We are also learning that Parker believes millions of others to have the same opinions. These millions must be right-wingers. Ok.

But then Parker rises to the expected high moral level, and tells us that using weapons of mass destruction on the Sunni Triangle isn't really such a good idea; instead we Americans must stay calm:

But keep our heads we must. Calmly we must transcend the primitive lust that compels ignorant others to mug idiotically for cameras.
Our revenge will be in facing down enemies who, though unworthy adversaries, impede the worthy goal of stabilizing a country whose future may predict our own. To retreat now would merely feed the terrorists' appetite for America's immediate failure en route to her ultimate demise
.


And who are the primitive muggers for cameras? Perhaps American politicians? Or maybe she means the zoo animals in Fallujah. But 'we' (the American right-wingers?) are not like that: we are rational, cool and logical planners of important military strategies. The most important of these is to guarantee that we don't see the same future in the good old U.S. of A as we would see in Iraq without our military intervention.

I'm not sure what the similarities are supposed to be. Does Parker mean that the American Christian fundamentalists are having similar takeover plans here as the muslim fundamentalists harbor in Iraq? If this is the explanation, how would the American troops in Iraq help? Shouldn't they be brought home to defend us against the much more immediate domestic dangers? Or am I getting all confused here, and Kathleen is just telling us the old Republican story of how the 9/11 terrorists really were Iraqis though everybody knows they weren't?

We then learn that Parker wants the United States to stay in Iraq to avert this horrible American demise. She also wants more international help for all the averting:
We have no choice but to stay the course and fulfill our commitment. That said, it would be nice if the international community would step up to the plate and insist on justice. This isn't just America's war, but America's response to a war that was brought to us.


I thought that the international community had stepped up to the plate over a year ago. Millions of people all over the world protested against the Iraq war, and I suspect that most of them thought their protest were for justice. But Parker sees things differently: the international community should come in aid of the unfairly attacked United States. It doesn't seem to trouble her that 'America's response to a war that was brought to us' meant attacking a country that had nothing to do with the bringing of that initial attack. As far as I know the guilty party was an organization called Al-Qaieda, not the bogeyman called Saddam Hussein. But clearly my way of thinking wouldn't do in the right-wing circles; instead I should view the Iraq war as a logical consequence of the 9/11 carnage and the international community as lacking in proper cooperation if it doesn't occupy Iraq, too.

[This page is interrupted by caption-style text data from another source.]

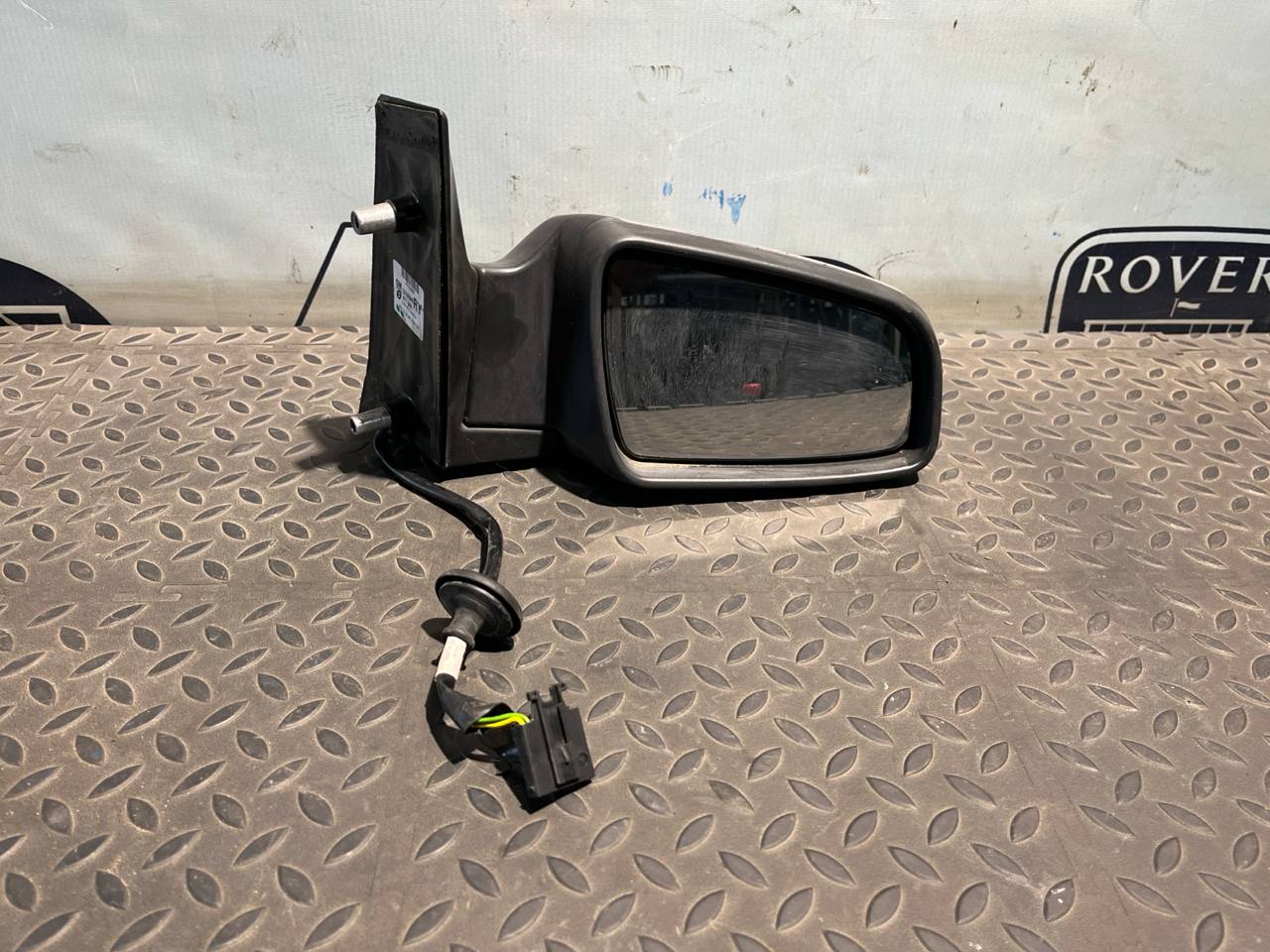 Зеркало правое Opel Zafira/B 2005-2014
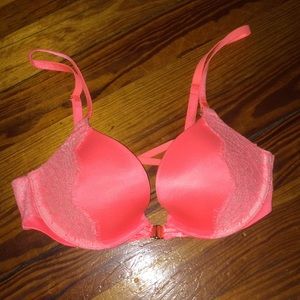 Victoria’s Secret push-up bra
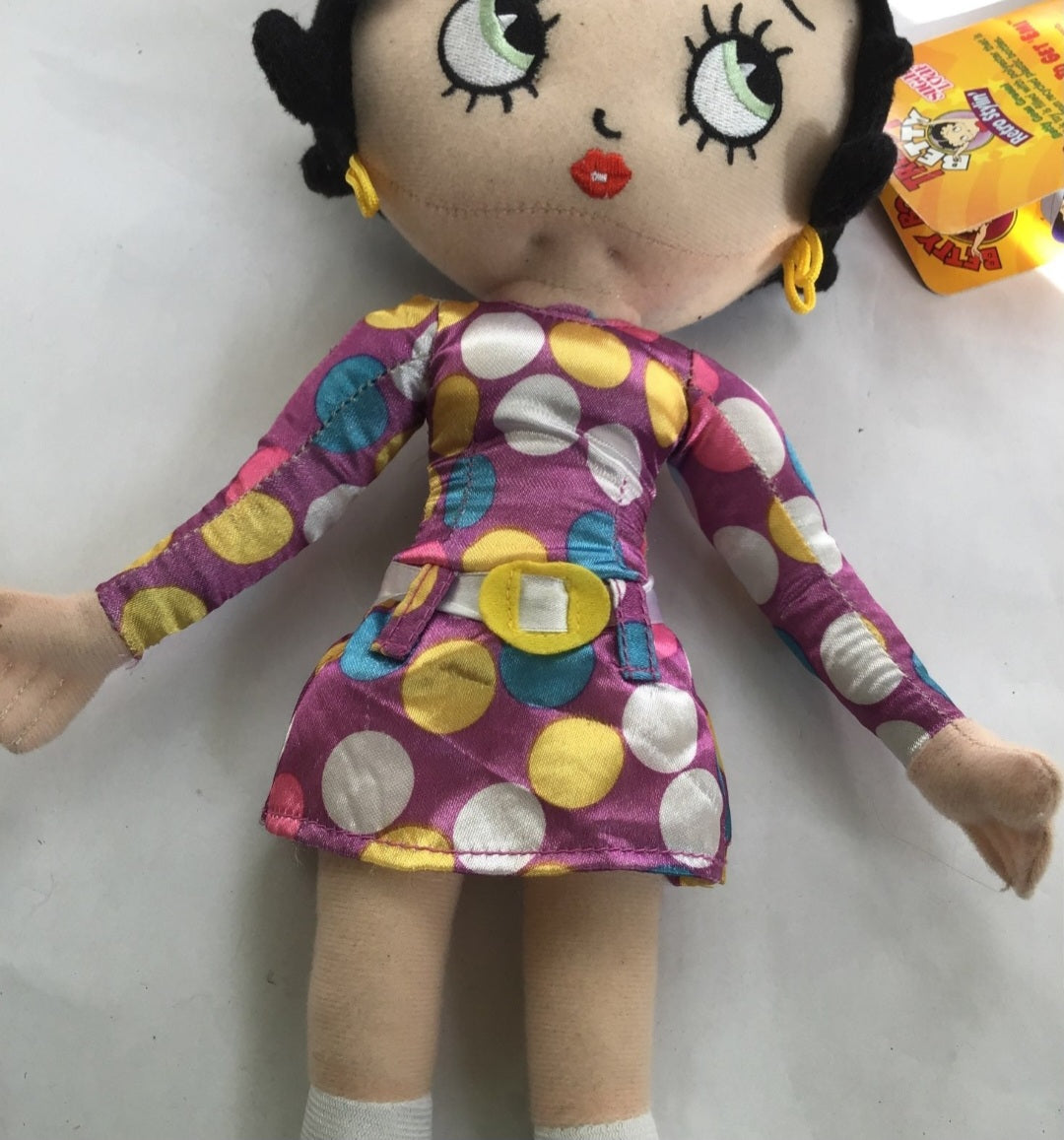 Betty Boop Doll Retro Stylin 60s Era. 15" tall Tennessee Junk Trunk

Parker has more to say in the same vein, but I have covered most bases already (See! I can do baseball analogies, too!) She ends her column by reminding us about the zoo animals one more time:

Still, a well-placed MOAB smack in the Sunni Triangle ... but then, we are not animals. A reel of Rambo will have to do.


There you have it: the proper right-wing views to hold, all presented to you in a vivid and original manner by Kathleen Parker. I think Dorothy Parker was a better writer by far, but Kathleen is quite entertaining in her own way.